**ABOUT THIS EXERCISE:** When copying the data below, keep only the lines from the one with "2024 Hyundai Elantra." through the one with "Hi everyone, welcome", word for word, and skip the pictures.

*** DATA FOR THIS TASK Section Begins ***

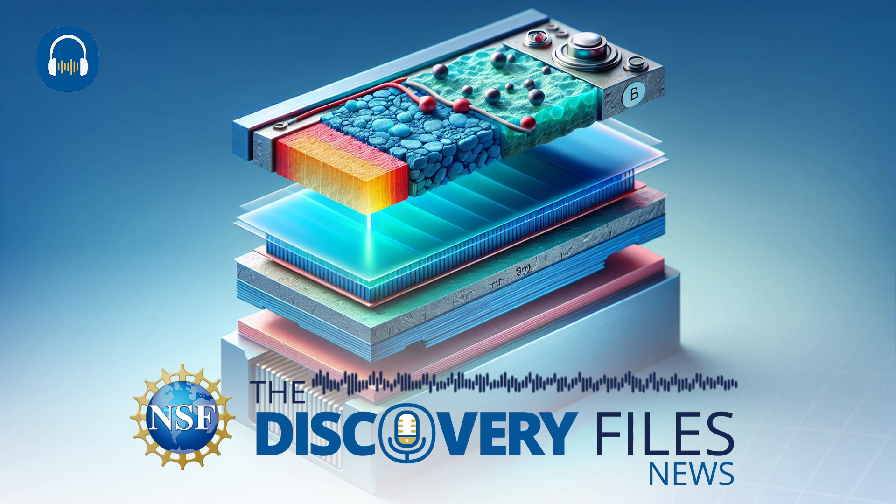Lithium-ion batteries power most modern electronic devices, but are made of a complicated mixture of materials that limits the ability to recycle them after they no longer hold a charge. NSF-supported engineers at Penn State University have designed new easily recyclable all-solid-state lithium batteries.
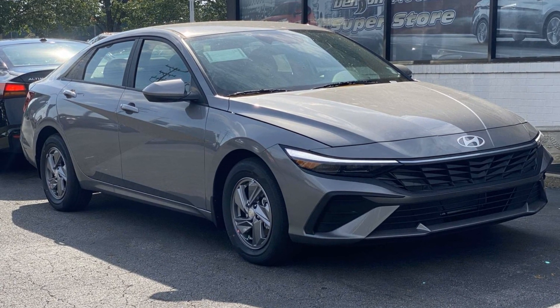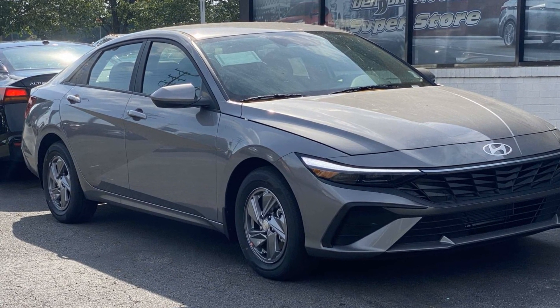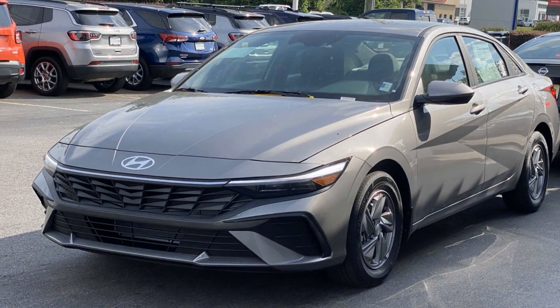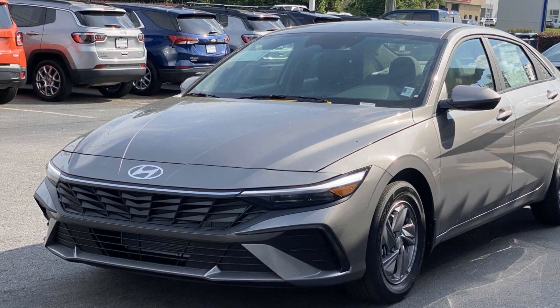2024 Hyundai Elantra. This sedan combines safety and comfort with style and performance. It includes ample space for all passengers and comes with the following features.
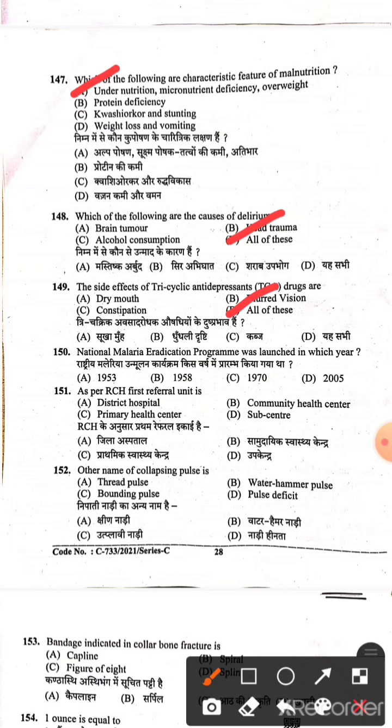Question 148: National Malaria Eradication Program was launched in 1953. As per RCH, the First Referral Unit is the Community Health Centre. Question 151: Another name of collapsing pulse is water hammer pulse. These are up to 152 questions discussed; questions 153 to 170 will be in the next part.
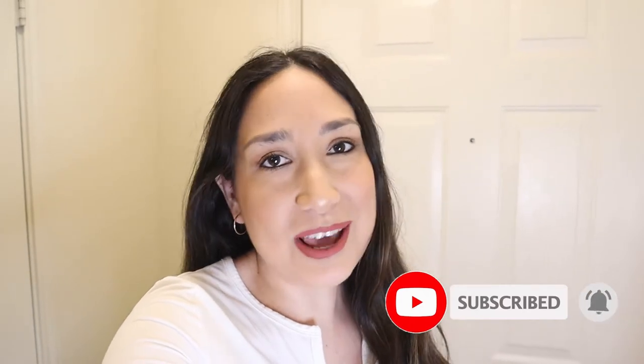Hi everyone, welcome back to my channel! I'm Millie and today I'm going to show you what's new in my closet. I've been wearing mostly comfy clothes because last year was all about being comfortable at home. I'm going to show you what I got from Abercrombie, Amazon, Target, and some other ones too. If you're new to my channel, don't forget to subscribe if you want to watch more videos related to motherhood and lifestyle — I upload new videos every week!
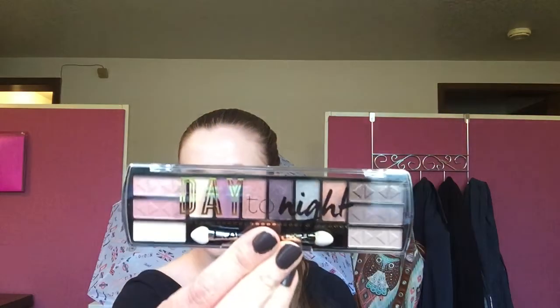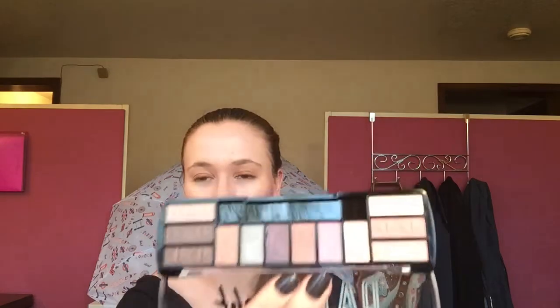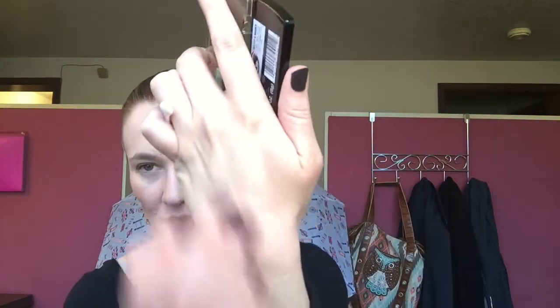When I was just wandering around, I saw the LA Colors Day to Night palette and it was $2, so I decided to get it. Heck, for $2 that is not a bad deal whatsoever. There are some really nice colors in there and they were actually decently pigmented — like the shimmers. I swatched a couple of them. The pigmentation is pretty decent for a $2 palette, and I'm excited to try something so affordable.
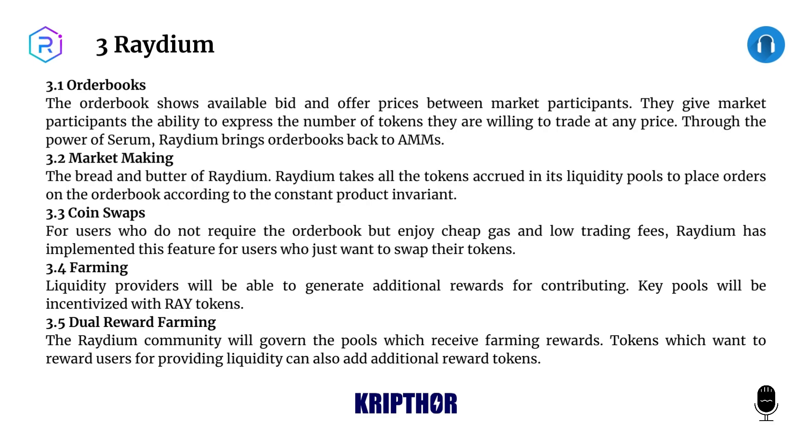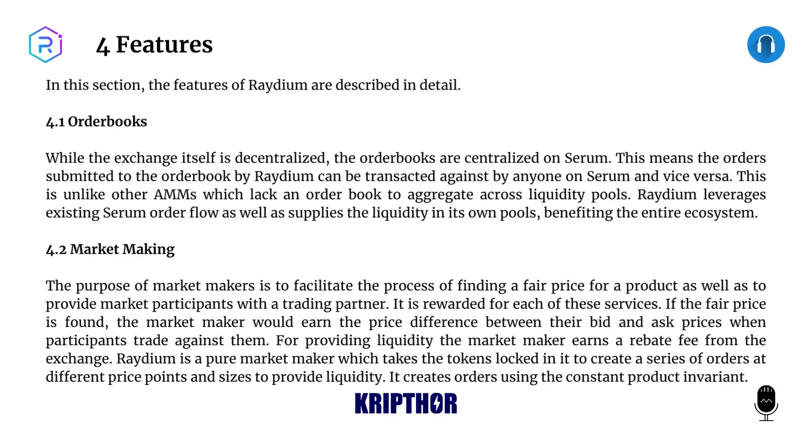3.4: Farming. Liquidity providers will be able to generate additional rewards for contributing; key pools will be incentivized with RAY tokens. 3.5: Dual Reward Farming. The Raydium community will govern the pools which receive farming rewards. Tokens which want to reward users for providing liquidity can also add additional reward tokens. Four: Features. In this section, the features of Raydium are described in detail.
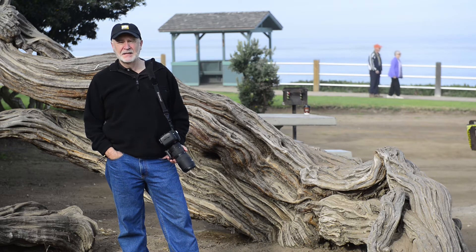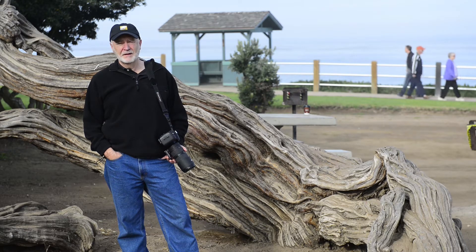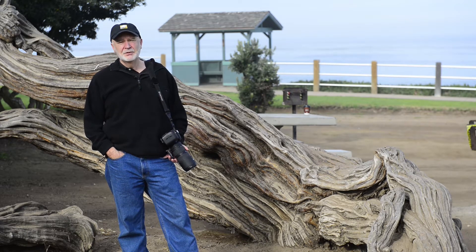In the meantime, this is David Leonard, your host for this episode of LuxFire Photography, telling you to keep shooting. We'll be right back.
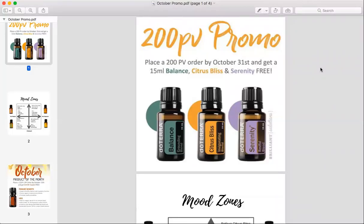Hi, everyone. I wanted to share with you the doTERRA promotion for October 2017. This is an amazing promo. I'm super excited about it and I know you guys will be too.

*** DATA FOR THIS TASK Section Ends ***

**EXERCISE RESULT:**
2024 Hyundai Elantra. This sedan combines safety and comfort with style and performance. It includes ample space for all passengers and comes with the following features.
Question 148: National Malaria Eradication Program was launched in 1953. As per RCH, the First Referral Unit is the Community Health Centre. Question 151: Another name of collapsing pulse is water hammer pulse. These are up to 152 questions discussed; questions 153 to 170 will be in the next part.
Hi everyone, welcome back to my channel! I'm Millie and today I'm going to show you what's new in my closet. I've been wearing mostly comfy clothes because last year was all about being comfortable at home. I'm going to show you what I got from Abercrombie, Amazon, Target, and some other ones too. If you're new to my channel, don't forget to subscribe if you want to watch more videos related to motherhood and lifestyle — I upload new videos every week!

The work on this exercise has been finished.